What the task asks: If an entry below holds a picture, leave the picture out and print the rest exactly.

Supplied material:
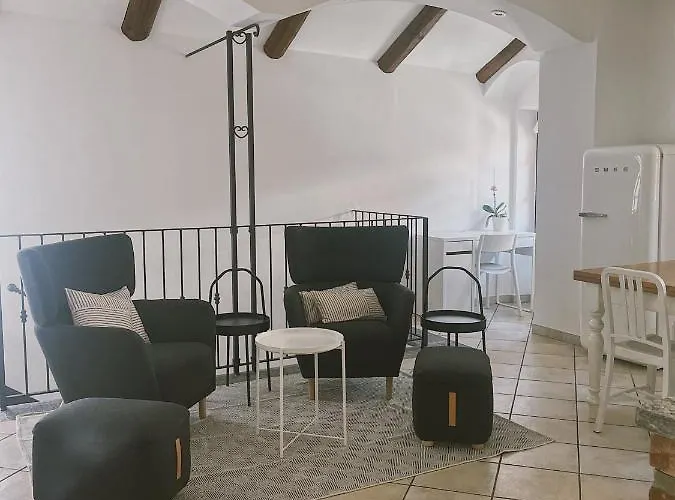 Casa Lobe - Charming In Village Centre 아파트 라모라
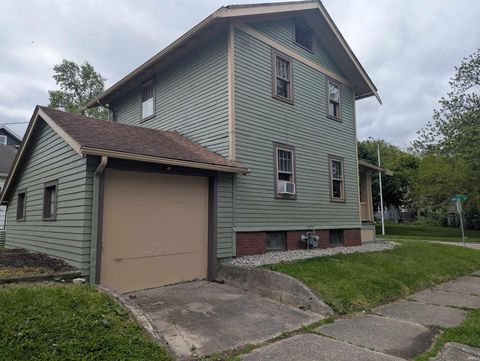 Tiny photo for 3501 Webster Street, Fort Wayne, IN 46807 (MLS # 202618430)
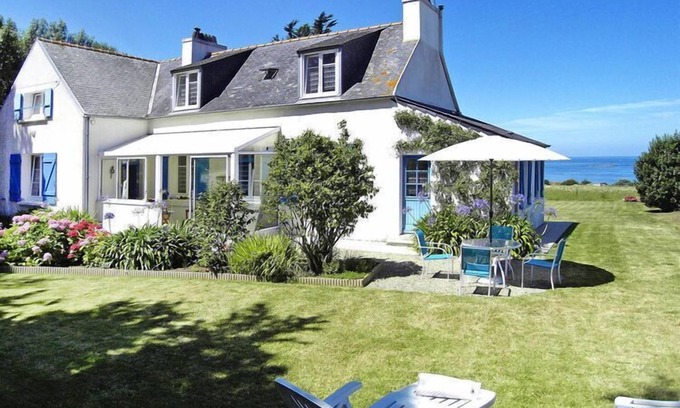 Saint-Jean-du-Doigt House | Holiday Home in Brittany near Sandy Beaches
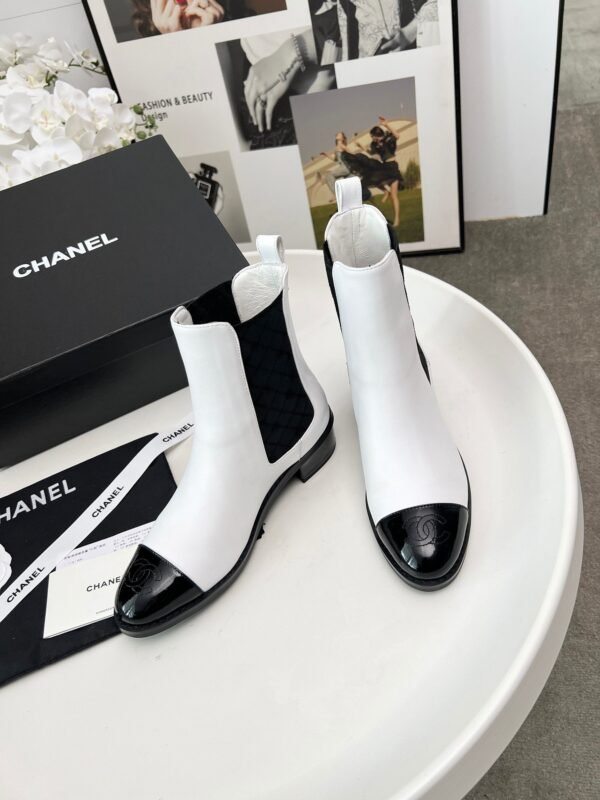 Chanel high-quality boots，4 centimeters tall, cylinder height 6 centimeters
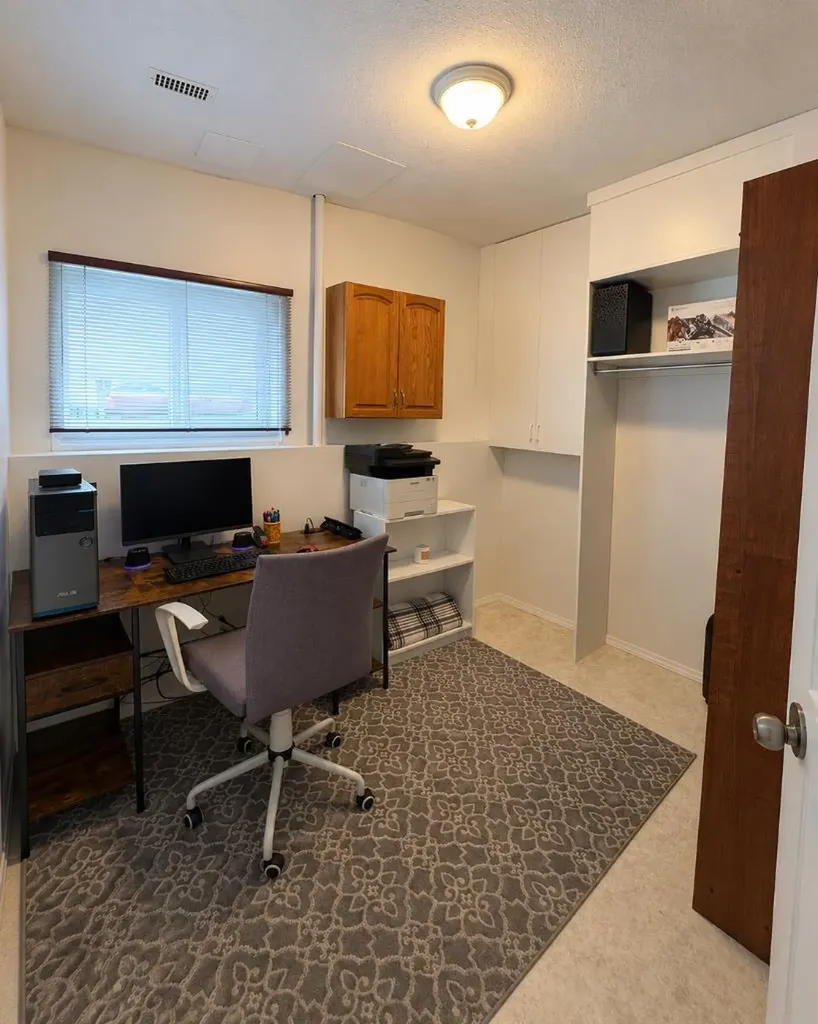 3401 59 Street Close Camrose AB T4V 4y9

Written reply:
 Casa Lobe - Charming In Village Centre 아파트 라모라
 Tiny photo for 3501 Webster Street, Fort Wayne, IN 46807 (MLS # 202618430)
 Saint-Jean-du-Doigt House | Holiday Home in Brittany near Sandy Beaches
 Chanel high-quality boots，4 centimeters tall, cylinder height 6 centimeters
 3401 59 Street Close Camrose AB T4V 4y9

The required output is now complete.